Pero más allá de la belleza del paisaje volcánico y el colorido de los textiles que luce su gente, el lago Atitlán ha dejado de ser el mismo. La contaminación está cobrando su cuota y de acuerdo a un estudio de la investigadora Margaret Dix par auna universidad privada del país, al lago Atitlán le quedan entre 5 y 10 años de vida pro su grado de contaminación.

A la voz de alerta han acudido diversos sectores de la sociedad guatemalteca.
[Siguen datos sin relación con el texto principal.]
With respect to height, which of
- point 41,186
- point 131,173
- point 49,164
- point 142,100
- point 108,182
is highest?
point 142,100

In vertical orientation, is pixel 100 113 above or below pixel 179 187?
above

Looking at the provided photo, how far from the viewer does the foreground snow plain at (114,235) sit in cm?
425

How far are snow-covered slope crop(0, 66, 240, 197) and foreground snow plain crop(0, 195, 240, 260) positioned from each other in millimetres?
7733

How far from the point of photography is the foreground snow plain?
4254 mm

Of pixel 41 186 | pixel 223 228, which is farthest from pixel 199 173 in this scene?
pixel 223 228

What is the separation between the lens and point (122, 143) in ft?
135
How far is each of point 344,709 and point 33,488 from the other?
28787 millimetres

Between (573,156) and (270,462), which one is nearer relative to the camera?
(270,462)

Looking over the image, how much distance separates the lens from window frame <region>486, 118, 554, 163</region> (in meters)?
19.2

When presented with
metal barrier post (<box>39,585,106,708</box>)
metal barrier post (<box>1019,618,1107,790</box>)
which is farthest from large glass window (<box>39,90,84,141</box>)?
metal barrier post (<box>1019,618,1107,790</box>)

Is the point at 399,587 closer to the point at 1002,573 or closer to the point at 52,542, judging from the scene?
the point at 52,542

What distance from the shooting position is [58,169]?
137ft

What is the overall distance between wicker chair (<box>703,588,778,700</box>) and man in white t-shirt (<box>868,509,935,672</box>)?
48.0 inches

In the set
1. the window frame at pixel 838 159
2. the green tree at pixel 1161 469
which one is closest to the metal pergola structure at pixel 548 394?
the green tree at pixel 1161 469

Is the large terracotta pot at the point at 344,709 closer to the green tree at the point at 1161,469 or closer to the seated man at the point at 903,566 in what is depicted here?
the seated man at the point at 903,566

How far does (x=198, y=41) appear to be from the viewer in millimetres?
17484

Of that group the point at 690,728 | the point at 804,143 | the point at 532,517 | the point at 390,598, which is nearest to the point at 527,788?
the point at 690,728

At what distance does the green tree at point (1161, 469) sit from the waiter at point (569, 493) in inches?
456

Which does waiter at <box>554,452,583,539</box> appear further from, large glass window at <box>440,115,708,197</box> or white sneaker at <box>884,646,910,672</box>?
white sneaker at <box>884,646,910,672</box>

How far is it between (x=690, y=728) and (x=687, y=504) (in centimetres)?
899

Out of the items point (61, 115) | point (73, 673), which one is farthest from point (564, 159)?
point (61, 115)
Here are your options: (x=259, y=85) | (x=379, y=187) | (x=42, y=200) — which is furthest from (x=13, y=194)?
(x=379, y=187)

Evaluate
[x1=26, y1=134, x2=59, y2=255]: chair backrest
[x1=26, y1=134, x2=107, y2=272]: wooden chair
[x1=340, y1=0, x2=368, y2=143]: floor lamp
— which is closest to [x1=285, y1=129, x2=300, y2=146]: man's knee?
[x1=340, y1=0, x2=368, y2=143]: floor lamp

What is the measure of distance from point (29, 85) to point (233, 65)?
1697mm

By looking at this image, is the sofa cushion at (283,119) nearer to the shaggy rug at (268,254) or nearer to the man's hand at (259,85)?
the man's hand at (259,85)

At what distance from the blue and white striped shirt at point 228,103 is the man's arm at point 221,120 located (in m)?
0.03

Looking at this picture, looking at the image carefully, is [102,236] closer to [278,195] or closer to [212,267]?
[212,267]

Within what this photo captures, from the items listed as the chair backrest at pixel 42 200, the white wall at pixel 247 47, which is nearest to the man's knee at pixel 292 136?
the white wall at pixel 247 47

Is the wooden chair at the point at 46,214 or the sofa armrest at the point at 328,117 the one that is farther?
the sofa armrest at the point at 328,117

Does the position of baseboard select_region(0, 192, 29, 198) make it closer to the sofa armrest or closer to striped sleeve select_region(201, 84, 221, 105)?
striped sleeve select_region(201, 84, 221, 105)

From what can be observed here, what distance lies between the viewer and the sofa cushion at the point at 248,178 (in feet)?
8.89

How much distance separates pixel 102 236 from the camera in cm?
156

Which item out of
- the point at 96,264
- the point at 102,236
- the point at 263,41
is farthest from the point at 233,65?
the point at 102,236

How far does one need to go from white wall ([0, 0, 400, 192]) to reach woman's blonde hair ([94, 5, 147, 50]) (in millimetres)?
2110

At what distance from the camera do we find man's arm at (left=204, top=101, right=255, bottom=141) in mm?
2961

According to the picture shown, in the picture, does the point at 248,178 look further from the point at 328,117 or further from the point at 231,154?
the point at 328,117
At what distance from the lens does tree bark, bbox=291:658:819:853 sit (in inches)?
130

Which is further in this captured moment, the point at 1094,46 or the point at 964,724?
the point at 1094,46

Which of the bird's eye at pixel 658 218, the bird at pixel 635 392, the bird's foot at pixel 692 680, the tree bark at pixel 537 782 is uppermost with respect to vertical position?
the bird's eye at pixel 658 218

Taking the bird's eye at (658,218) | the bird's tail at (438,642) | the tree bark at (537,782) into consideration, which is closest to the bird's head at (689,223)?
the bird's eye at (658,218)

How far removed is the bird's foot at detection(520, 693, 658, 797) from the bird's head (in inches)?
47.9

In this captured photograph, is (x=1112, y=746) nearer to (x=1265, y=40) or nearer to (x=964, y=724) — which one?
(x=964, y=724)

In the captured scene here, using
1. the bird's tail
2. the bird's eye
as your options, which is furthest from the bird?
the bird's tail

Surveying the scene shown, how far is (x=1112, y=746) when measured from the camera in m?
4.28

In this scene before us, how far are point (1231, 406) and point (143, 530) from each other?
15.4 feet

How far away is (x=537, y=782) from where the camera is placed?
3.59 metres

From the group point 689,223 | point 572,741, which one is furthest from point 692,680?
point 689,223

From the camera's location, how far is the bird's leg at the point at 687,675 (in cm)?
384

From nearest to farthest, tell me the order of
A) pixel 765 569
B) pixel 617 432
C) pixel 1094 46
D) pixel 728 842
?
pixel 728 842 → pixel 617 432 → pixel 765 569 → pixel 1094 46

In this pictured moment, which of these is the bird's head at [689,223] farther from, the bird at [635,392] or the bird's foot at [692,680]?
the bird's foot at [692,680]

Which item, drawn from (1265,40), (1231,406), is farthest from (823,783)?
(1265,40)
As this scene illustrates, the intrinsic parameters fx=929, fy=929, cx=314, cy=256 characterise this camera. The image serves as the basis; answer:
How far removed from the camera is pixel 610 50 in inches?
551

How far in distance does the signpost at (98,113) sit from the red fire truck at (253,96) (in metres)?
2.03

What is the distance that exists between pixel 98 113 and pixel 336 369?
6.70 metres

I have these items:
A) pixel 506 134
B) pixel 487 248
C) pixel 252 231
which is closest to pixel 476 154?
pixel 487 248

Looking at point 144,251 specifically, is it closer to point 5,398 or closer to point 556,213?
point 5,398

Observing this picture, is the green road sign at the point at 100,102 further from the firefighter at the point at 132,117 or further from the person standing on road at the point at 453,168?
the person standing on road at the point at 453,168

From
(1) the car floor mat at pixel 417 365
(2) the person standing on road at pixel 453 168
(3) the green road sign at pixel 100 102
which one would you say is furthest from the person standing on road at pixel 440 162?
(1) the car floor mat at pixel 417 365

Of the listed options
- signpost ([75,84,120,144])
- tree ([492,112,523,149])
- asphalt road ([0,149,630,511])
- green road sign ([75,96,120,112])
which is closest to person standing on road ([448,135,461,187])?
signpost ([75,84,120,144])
Por una parte, el Ministerio de Ambiente y Recursos Naturales (MARN) y la Autoridad para el Manejo Sustentable de la Cuenca del lago de Atitlán y su Entorno (Amsclae), firmaron un convenio de cooperación técnica interinstitucional.

Este acuerdo busca ‘establecer mecanismos formales entre ambas entidades para realizar actividades de conservación, recuperación y mejoramiento del lago de Atitlán’, según informó el diario Prensa Libre.

A través de este convenio las instituciones se comprometen a desarrollar ordenanzas conjuntas con el propósito de regular los desechos sólidos, líquidos, peligrosos, combustibles, entre otros que afecten a dicho manto acuífero.

Otro esfuerzo es el que han desarrollado el Centro de Estudios Atitlán, de la Universidad del Valle de Guatemala, y la Asociación de Periodistas y Comunicadores Sociales de Sololá. Ellos impulsan la campaña ‘Menos agua contaminada para beber, más agua potable para vivir’, con el objetivo de proteger la salud y el Lago de Atitlán. La campaña fue presentada en Panajachel, población a orillas del lago. La actividad, según detalló Prensa Libre, se hará a través de medios escritos, televisivos y radiales de ese departamento, con la finalidad de concienciar a la población sobre la importancia de cuidar el ambiente y esa fuente de agua. La iniciativa busca concienciar sobre el adecuado tratamiento de las aguas residuales, para evitar que contaminen el lago, tanto en las formas de desinfectar el agua para consumo, con el fin de prevenir enfermedades. La campaña, dirigia a los habitantes del área fue lanzada en los idiomas español, kaqchikel, k’iche’ y tz’utujil.

Otra campaña es la que instituciones públicas, privadas y la embajada de Italia en Guatemala.

Mañana 4 de abril finalizará la actividad denominada ‘Lancha azul’ que recorrerá el lago tomando muestras del lago para tener un diagnóstico científico sobre su situación actual.

Esta recolección de datos forma parte de la iniciativa ‘Yo soy Atitlán’, que en las últimas semanas dio sus primeros pasos en su lucha por salvar el lago, con la promoción de foros y actividades con la participación de diversos sectores de la sociedad guatemalteca.

La iniciativa, que es apoyada por dos organizaciones ambientalistas italianas y la gobernación de Sololá, emitió también una declaración sobre el estado actual del lago y el camino a seguir para su recuperación.

Actualmente en Atitlán funcionan dos plantas de tratamiento para aguas (de diez instaladas) en el lago y las más de 450 mil personas que viven alrededor de la cuenca carecen de información apropiada acerca del cuidado de la biodiversidad del mismo, aseguró a EFE Luigi Pierleoni, representante de la Cooperación Italiana de la embajada. Además, de acuerdo al diplomático italiano, no existe un plan territorial, ni políticas establecidas para el desecho de desperdicios líquidos y sólidos en el lago, cuya superficie es de 125 kilómetros cuadrados.